=== What needs to be done ===
Reproduce word for word, from the entries below, the line with "Eine Frau in", the line with "Men in St George's", and every line between them, and nothing more.

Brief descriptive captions

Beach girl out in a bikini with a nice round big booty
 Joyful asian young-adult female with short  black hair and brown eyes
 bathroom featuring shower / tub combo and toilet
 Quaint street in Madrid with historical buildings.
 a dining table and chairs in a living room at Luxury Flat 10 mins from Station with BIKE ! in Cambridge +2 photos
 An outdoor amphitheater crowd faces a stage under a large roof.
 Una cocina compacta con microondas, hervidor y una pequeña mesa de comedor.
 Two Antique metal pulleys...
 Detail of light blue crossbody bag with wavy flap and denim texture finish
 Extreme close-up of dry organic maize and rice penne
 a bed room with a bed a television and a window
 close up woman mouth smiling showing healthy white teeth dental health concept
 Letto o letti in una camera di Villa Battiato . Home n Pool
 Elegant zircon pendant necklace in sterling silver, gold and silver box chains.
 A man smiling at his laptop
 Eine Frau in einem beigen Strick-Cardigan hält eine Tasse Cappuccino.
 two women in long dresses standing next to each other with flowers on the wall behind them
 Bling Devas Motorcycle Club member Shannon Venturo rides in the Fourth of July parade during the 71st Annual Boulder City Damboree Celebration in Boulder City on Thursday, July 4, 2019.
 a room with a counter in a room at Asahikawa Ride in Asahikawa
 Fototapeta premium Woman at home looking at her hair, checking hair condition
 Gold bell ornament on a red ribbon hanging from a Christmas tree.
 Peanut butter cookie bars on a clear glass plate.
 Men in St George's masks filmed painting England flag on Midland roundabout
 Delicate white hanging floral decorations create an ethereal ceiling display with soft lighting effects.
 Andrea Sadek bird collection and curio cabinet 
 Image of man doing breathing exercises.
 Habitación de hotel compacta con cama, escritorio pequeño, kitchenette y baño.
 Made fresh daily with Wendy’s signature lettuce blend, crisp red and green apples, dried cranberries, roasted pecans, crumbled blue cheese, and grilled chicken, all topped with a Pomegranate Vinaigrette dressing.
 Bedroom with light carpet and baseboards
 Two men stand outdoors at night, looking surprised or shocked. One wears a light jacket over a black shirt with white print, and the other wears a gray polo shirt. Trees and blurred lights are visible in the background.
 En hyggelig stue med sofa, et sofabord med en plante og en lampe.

=== Task solution ===
 Eine Frau in einem beigen Strick-Cardigan hält eine Tasse Cappuccino.
 two women in long dresses standing next to each other with flowers on the wall behind them
 Bling Devas Motorcycle Club member Shannon Venturo rides in the Fourth of July parade during the 71st Annual Boulder City Damboree Celebration in Boulder City on Thursday, July 4, 2019.
 a room with a counter in a room at Asahikawa Ride in Asahikawa
 Fototapeta premium Woman at home looking at her hair, checking hair condition
 Gold bell ornament on a red ribbon hanging from a Christmas tree.
 Peanut butter cookie bars on a clear glass plate.
 Men in St George's masks filmed painting England flag on Midland roundabout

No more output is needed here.